The majority opinion by Justice Kennedy noted that generally applicable laws might defeat any Free Exercise claim but found that the expressed bias of the commissioners hearing the case violated the baker’s due process rights.  In particular, the opinion found that Colorado certainly has the authority to include sexual orientation within the civil rights laws and that, in the absence of a valid claim for exemption, to require individuals to provide goods and services to the LGBT community.  Justice Kennedy took care to emphasize that the comments in question were made by the agency functioning as the trial court on this case during the hearing process — a distinction that may become important in the travel ban case.  In theory, this case will now go back to Colorado for a new hearing in front of the Commission (presumably with different membership given the passage of time since the initial hearing) at which it could reach the same or a different result.

Justice Kagan’s concurring opinion attempts to minimize one fact that played a role in the majority opinion — the different treatment of other bakers who declined to decorate a cake with anti-LGBT messages.  While the majority saw this as evidence of disparate treatment, Justice Kagan saw this distinction as compelled by the civil rights law in issue which banned discrimination based on sexual orientation.  As refusing to engage in discrimination does not violate a law banning discrimination, Justice Kagan found nothing noteworthy in the Commission’s rejection of the frivolous complaints against these other bakers.

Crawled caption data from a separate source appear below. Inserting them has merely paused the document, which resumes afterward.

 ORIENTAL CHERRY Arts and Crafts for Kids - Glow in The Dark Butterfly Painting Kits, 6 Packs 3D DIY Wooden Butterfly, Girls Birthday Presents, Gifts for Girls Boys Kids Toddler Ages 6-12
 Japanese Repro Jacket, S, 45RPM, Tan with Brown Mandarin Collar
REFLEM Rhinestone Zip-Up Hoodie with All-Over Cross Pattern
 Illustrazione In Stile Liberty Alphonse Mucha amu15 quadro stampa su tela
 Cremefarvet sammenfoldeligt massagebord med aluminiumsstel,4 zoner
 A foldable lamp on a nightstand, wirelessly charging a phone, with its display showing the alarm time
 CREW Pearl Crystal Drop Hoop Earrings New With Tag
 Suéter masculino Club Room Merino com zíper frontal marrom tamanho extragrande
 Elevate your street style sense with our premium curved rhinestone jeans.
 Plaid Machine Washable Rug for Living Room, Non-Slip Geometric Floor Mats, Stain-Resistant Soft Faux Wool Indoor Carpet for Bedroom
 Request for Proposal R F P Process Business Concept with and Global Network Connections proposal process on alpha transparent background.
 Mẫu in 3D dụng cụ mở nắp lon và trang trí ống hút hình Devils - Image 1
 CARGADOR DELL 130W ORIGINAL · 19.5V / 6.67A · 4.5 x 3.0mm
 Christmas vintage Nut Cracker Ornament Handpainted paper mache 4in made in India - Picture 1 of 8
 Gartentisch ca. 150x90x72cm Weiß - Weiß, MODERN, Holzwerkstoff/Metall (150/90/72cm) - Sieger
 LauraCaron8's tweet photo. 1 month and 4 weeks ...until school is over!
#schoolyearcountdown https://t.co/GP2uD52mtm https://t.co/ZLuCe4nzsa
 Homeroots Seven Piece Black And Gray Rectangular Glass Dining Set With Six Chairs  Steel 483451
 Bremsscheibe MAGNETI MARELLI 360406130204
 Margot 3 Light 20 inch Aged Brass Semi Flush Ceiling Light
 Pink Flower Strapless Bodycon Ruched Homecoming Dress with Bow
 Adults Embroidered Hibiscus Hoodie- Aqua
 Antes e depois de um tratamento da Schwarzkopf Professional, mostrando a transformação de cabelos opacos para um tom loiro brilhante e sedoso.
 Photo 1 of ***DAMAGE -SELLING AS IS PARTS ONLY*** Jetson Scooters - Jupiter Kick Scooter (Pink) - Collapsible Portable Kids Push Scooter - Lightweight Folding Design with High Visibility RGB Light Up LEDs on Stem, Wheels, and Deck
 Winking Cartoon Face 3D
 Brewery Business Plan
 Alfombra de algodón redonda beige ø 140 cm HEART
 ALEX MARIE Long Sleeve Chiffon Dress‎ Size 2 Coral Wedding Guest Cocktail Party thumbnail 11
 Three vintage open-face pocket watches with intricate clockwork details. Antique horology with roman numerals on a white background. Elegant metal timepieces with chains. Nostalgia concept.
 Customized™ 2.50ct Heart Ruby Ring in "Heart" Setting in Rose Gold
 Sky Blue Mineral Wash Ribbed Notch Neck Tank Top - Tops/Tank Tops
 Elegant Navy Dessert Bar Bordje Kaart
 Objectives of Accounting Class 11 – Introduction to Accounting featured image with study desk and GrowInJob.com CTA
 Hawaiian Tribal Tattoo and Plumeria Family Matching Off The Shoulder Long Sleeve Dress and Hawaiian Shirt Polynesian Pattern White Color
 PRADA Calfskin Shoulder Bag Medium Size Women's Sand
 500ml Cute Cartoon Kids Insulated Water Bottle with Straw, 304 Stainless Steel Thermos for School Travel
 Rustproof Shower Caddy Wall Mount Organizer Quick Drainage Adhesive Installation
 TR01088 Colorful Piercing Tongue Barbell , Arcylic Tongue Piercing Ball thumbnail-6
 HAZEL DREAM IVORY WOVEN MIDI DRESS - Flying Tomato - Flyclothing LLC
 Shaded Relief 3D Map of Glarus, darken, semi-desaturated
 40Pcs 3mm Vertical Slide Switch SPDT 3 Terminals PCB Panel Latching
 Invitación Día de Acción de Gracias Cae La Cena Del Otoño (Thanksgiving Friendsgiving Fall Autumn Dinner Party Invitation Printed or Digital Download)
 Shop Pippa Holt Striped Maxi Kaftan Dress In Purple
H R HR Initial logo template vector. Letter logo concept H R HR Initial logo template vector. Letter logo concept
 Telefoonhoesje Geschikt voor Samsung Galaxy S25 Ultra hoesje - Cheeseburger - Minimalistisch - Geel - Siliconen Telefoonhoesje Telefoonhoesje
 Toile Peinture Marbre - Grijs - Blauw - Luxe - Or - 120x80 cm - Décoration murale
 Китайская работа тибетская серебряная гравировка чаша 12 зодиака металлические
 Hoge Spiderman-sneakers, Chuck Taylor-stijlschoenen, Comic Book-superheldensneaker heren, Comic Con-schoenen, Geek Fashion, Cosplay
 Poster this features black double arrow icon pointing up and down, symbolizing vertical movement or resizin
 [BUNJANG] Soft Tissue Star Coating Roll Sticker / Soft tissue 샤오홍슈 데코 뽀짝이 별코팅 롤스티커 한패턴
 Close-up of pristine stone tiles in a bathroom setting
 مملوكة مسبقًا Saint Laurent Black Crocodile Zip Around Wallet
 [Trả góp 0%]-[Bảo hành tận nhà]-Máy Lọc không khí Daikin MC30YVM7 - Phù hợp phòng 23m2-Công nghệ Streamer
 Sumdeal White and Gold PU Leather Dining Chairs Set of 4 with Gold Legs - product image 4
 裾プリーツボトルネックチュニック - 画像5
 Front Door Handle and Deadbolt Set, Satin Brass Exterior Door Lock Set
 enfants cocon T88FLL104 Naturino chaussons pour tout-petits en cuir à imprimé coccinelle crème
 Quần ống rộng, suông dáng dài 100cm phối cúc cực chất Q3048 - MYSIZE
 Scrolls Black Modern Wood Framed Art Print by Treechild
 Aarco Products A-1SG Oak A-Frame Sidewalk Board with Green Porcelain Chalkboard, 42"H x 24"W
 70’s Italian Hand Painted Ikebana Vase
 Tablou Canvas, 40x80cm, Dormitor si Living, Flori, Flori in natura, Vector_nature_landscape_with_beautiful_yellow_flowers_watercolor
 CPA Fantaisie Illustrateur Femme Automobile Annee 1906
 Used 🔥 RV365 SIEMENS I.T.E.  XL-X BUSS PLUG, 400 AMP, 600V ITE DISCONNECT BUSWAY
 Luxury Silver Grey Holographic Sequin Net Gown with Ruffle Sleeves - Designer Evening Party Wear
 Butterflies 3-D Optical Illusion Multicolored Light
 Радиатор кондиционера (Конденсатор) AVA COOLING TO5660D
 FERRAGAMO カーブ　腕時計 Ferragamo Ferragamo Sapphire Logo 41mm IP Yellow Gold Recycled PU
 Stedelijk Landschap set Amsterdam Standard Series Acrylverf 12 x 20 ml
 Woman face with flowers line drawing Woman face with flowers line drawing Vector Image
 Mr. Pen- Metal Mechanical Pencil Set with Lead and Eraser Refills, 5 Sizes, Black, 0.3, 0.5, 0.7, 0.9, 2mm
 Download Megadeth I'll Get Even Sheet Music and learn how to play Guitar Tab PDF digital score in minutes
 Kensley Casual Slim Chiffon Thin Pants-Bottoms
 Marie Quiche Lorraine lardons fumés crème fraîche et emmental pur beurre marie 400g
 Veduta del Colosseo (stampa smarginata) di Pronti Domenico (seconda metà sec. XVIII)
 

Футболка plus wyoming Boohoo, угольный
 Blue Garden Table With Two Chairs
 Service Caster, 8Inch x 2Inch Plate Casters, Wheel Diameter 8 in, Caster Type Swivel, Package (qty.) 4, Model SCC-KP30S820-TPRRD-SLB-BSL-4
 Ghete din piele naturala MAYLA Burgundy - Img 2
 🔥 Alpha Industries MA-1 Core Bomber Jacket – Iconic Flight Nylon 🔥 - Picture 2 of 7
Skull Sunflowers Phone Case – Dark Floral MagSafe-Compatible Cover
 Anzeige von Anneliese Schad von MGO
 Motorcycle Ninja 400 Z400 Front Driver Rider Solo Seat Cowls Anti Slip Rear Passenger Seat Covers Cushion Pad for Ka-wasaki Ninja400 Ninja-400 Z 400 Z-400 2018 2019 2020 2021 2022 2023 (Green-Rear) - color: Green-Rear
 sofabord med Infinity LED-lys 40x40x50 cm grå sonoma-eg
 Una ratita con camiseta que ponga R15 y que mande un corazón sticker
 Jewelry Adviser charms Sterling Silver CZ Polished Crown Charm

Justice Gorsuch’s opinion, while noting the rule that states do not have to create exemptions from generally applicable laws for sincere religious beliefs finds that the disparate treatment of people who support and oppose discrimination means that the law is not generally applicable.  Of course, this claim is logically weak.  All laws reflect some viewpoint of right and wrong.   A law against animal sacrifice is generally applicable despite the fact that it only punishes those who want to engage in animal sacrifice.  Alternatively, Justice Gorsuch suggests that none of the bakers were discriminating based on status but only based on the content of the message put forth by the cake.  Again, this argument ignores that the message that some bakers refused to provide was an express message of bigotry while the message that the baker in this case refused to provide was only his own internal interpretation of an implicit message arising out of the use to which his customer would put his product.

Justice Thomas finds that there is a free speech exception to civil rights laws when the discriminatory conduct is expressive and would find that custom cakes are expressive.

Finally, Justice Ginsburg finds that, regardless of the comments by one commissioner, the full review process removes any taint from the ultimate result.

Because the majority opinion does not reach the ultimate result in this case, it is tough to read the tea leaves for future cases.  There are clearly four votes for the proposition that civil rights laws can ban discrimination even if the would-be discriminators assert that they are acting based on their faith rather than bigotry.  The Chief Justice and Justice Kennedy appear to generally support this proposition while recognizing that there is some exception — at least for ministers being asked to perform a religious service — where the act can only be seen as a religious exercise.  Where exactly the line between these two should be drawn is left for another day.

Three other cases were decided today, leaving twenty-five cases for the last three weeks of the term.